Przykładowe rozwiązanie:
Perspektywa Eurychola:
U stóp zamku ujrzeliśmy stado dzikich zwierząt, które paradoksalnie nie atakowało ludzi, a łasiło się jak oswojone psy – wydało mi się to podejrzane. Wtem z zamku wyszła piękna niewiasta, która uwiodła swoim wyglądem moich towarzyszy, więc poszli z nią ucztować. Ja zostałem na straży. Czułem, że nie można ufać tej istocie.
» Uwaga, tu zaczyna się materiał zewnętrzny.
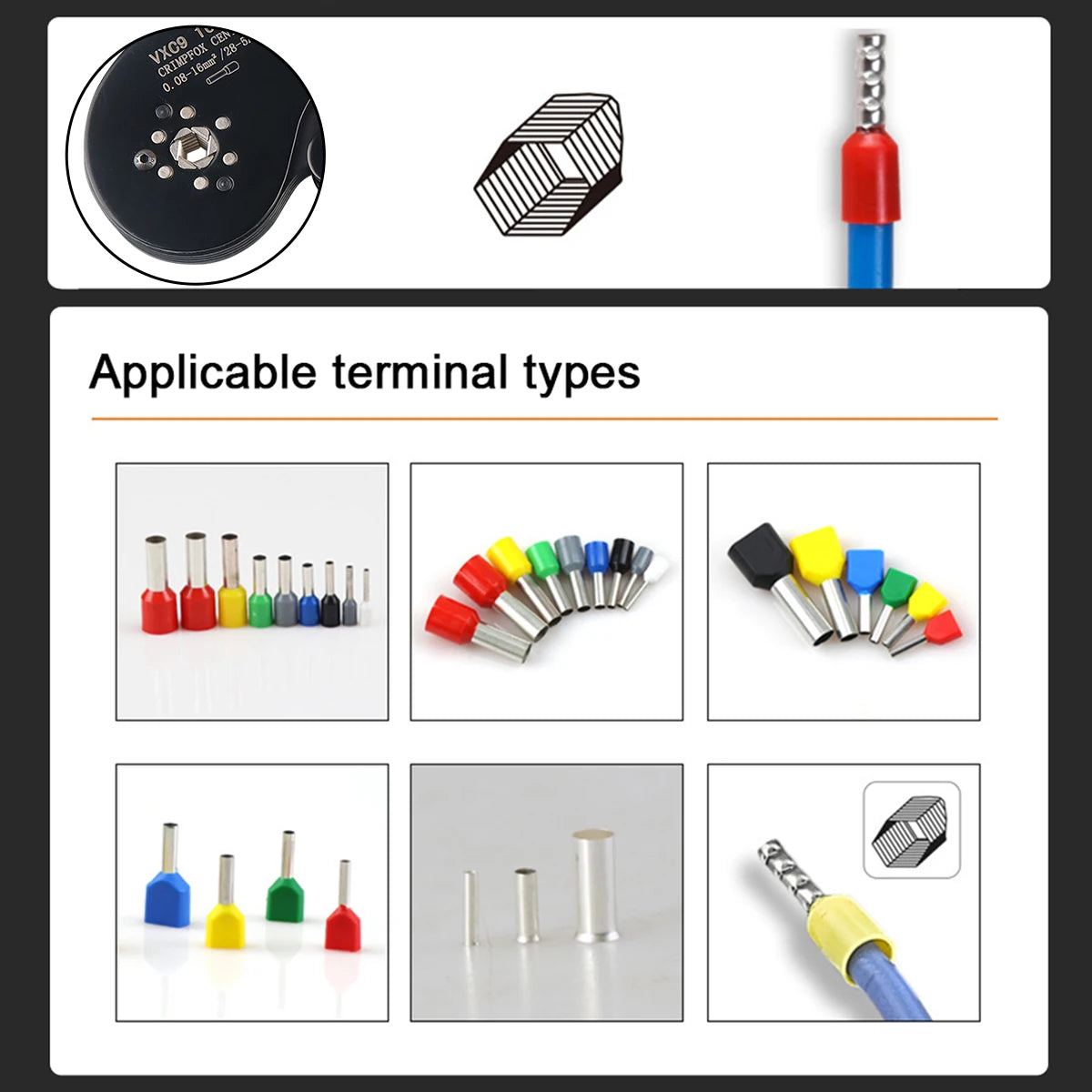 Tubular Terminal Crimper Kit 0.08-16mm² /0.25-10mm² HSC8 6-4/6-6/16-6 Electrical Crimping Pliers Clamp Sets Wire Tips Hand Tools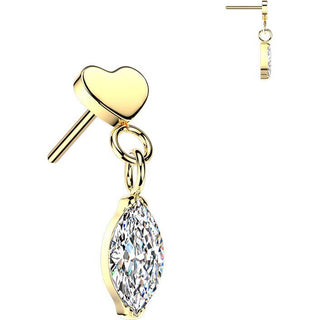 Titanium Top top flat heart with marquise cubic zirconia dangle Push-In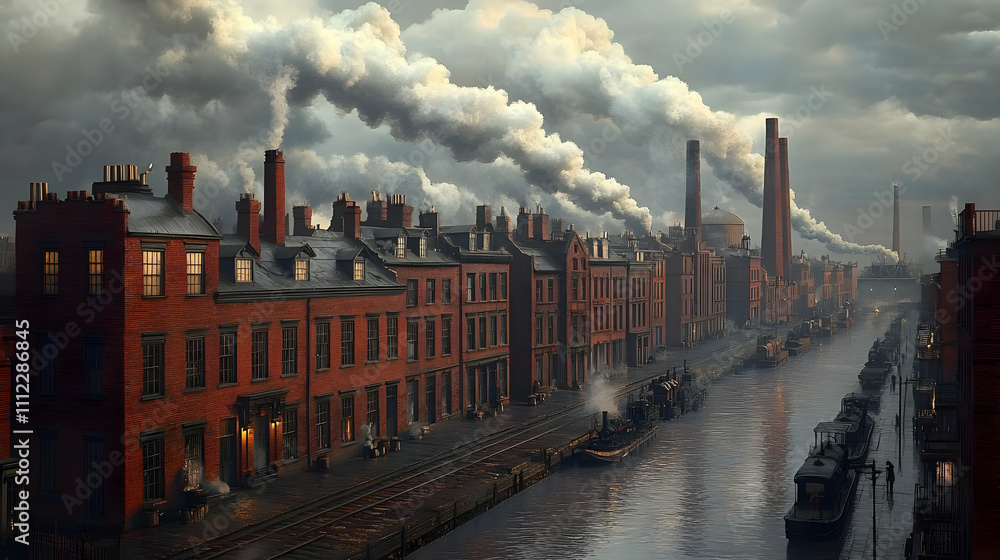 Industrial Canal: Cityscape, Factories, Smoke, Waterways, Historic Architecture, Urban Development, 19th Century, Brick Buildings, Railroad, Smog Industrial Canal: Cityscape, Factories, Smoke, Waterways, Historic Architecture, Urban Development, 19th Century, Brick Buildings, Railroad, Smog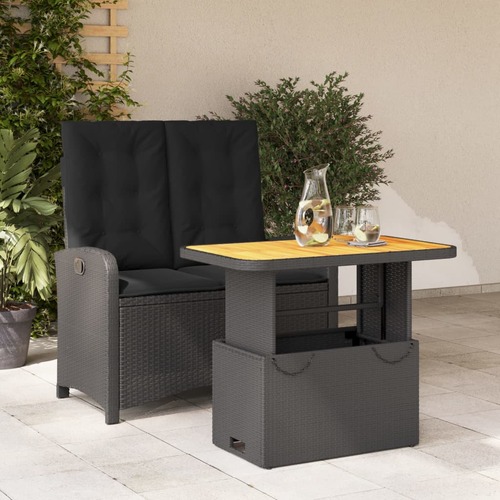 2 Piece Garden Dining Set with Cushions Black Poly Rattan
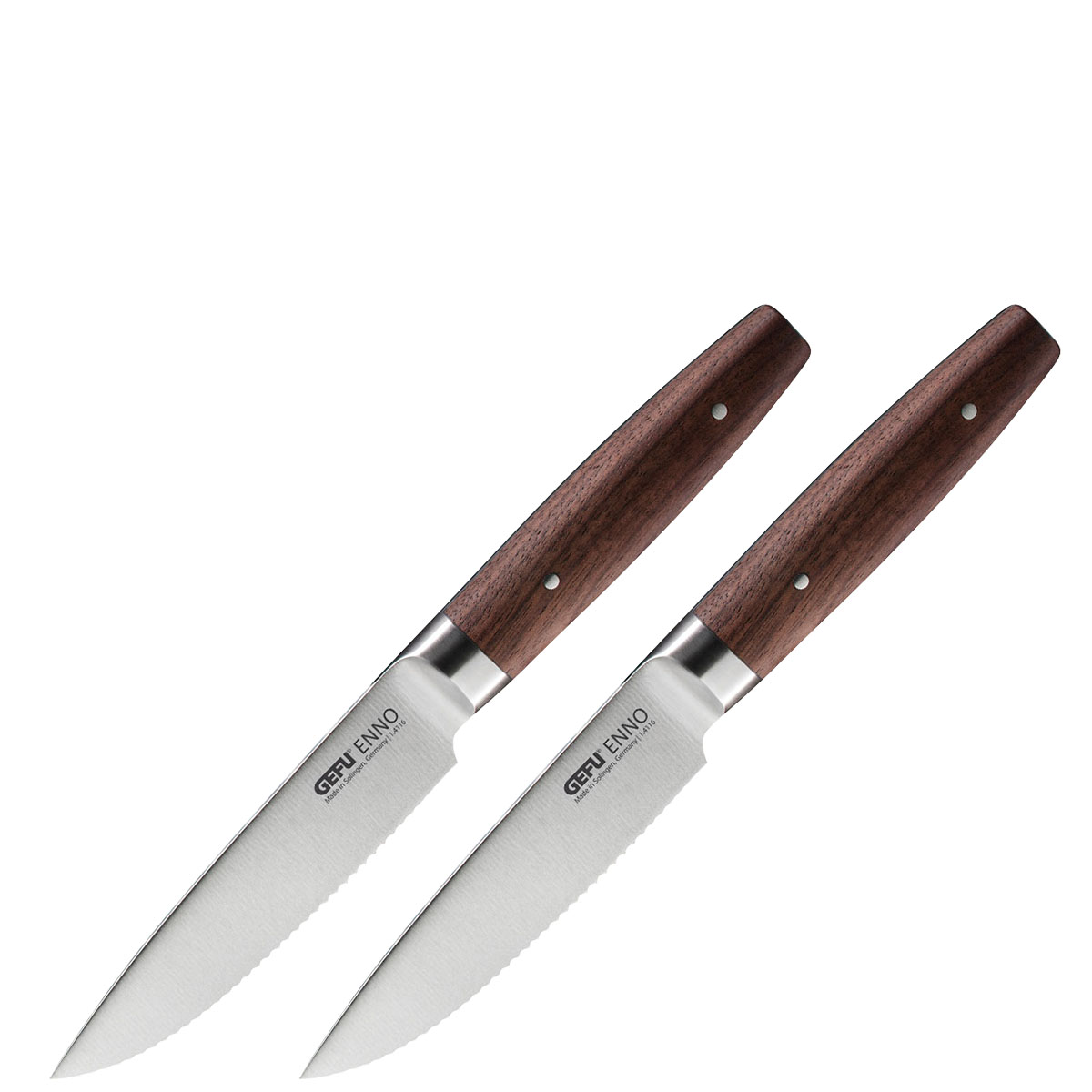 Set aus zwei hochwertigen Küchenmessern mit Holzgriff Zwei Küchenmesser mit scharfer Klinge und elegantem Holzgriff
Długo ich nie było, po czym ujrzałem stado przerażonych świń – to byli moi towarzysze pozbawieni ludzkiej formy. Poinformowałem o wszystkim Odyseusza, ten za radą Hermesa pokonał nimfę, która odczyniła swój okropny urok.
Perspektywa Kirke:
Śpiewałam moją ulubioną pieśń, gdy usłyszałam, kogoś na zewnątrz. Ucieszyłam się, na wieść o nowych gościach, więc ochoczo ich przywitałam. Niczego się nie spodziewali i ślepo weszli do mojego zamku. Ugościłam ich wystawną ucztą, do której dodałam kilka magicznych ziół, by rzucić na nich urok. Zajęci potrawami, nie spostrzegli nawet, jak każdego z nich dotknęłam różdżką, która przemieniła ich w świnie. Ach! Co to była za zabawa. Przyszedł kolejny z nich, którego chciałam przemienić w zwierzę, lecz gdy uniosłam różdżkę, ten wyjął metalowy miecz. Przestraszyłam się i zrobiłam, co kazał – zdjęłam urok z jego towarzyszy.
Każda z tych dwóch postaci inaczej postrzegała te historię – Eurychola obawiał się czarodziejki i mógł być nawet przerażony jej praktykami. Natomiast Kirke prawdopodobnie czerpała radość z rzucania uroków.